*** Opening of DATA SUPPLIED ***

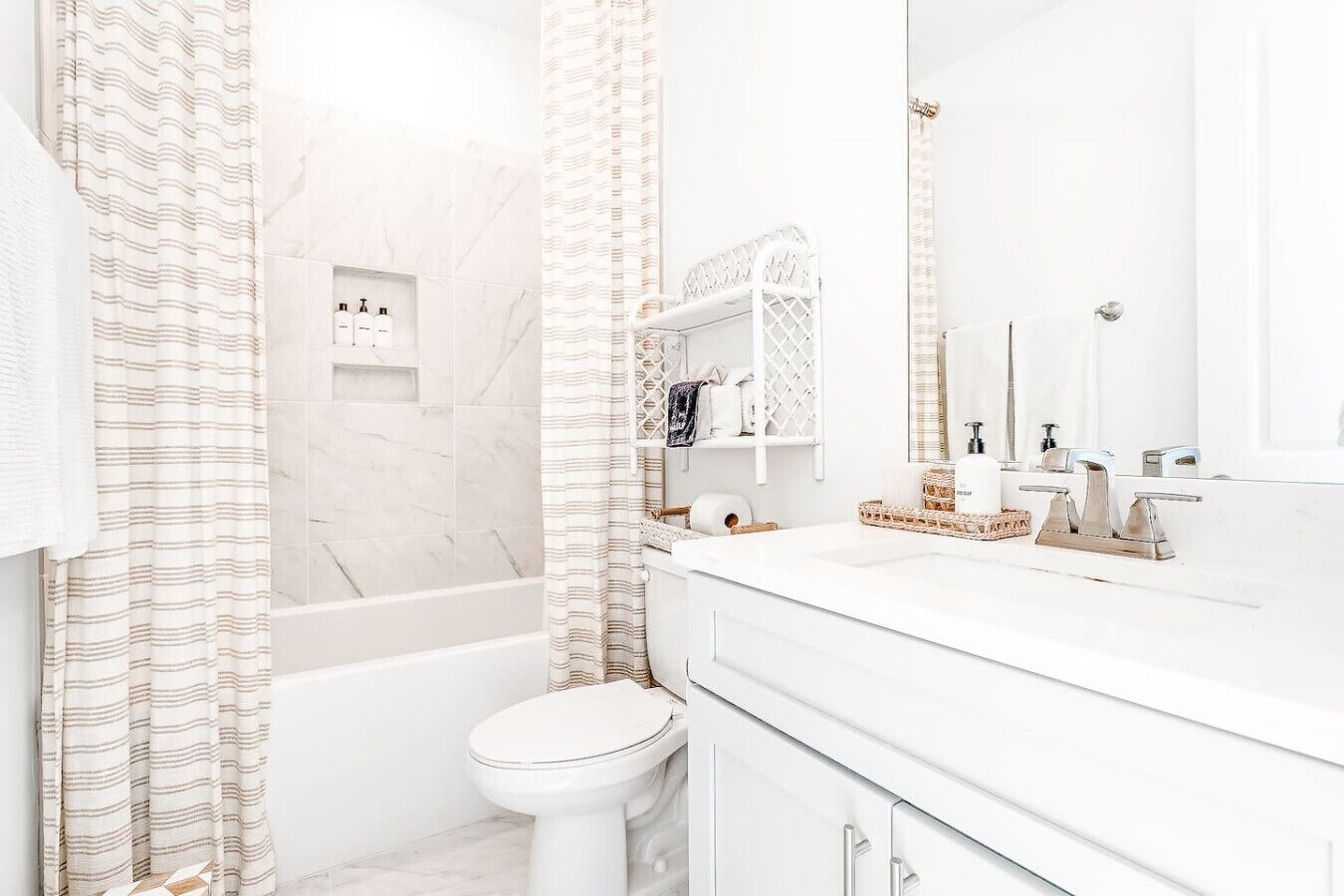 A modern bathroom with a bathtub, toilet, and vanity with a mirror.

*** Close of DATA SUPPLIED ***
*** Opening of DATA SUPPLIED ***

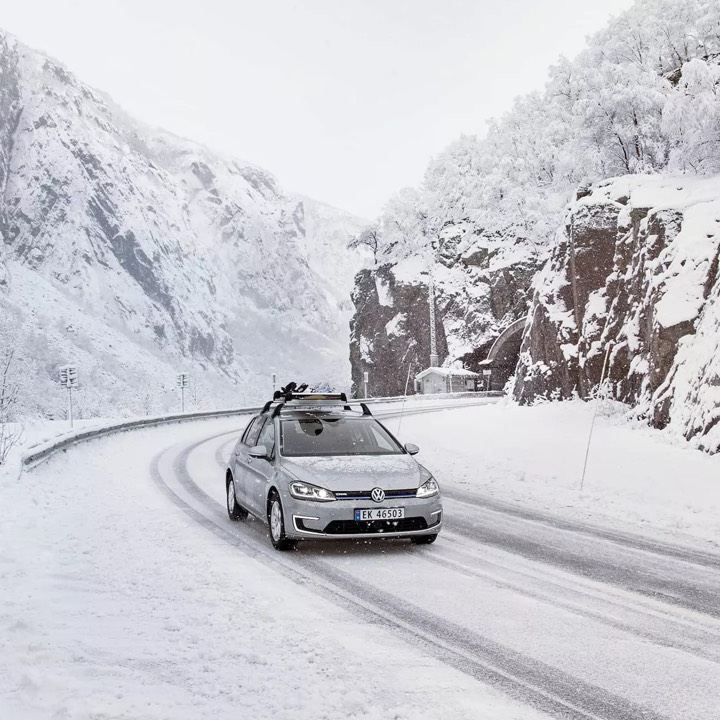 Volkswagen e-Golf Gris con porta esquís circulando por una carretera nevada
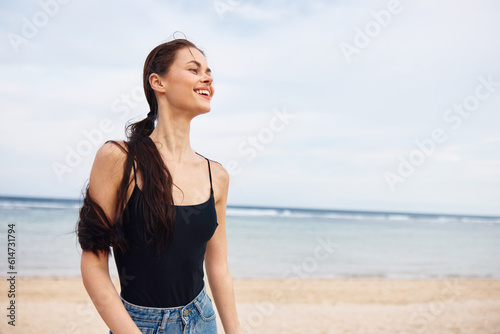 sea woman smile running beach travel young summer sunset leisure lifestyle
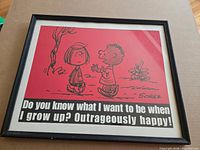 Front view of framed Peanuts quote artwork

*** Close of DATA SUPPLIED ***

EXERCISE GOAL » Would you give again, exactly, the lines in the data above that run from the line containing "Volkswagen e-Golf Gris" to the line containing "Front view of framed Peanuts quote artwork"? Include both ends and no pictures.

RESPONSE FOR THIS EXERCISE »
 Volkswagen e-Golf Gris con porta esquís circulando por una carretera nevada
 sea woman smile running beach travel young summer sunset leisure lifestyle
 Front view of framed Peanuts quote artwork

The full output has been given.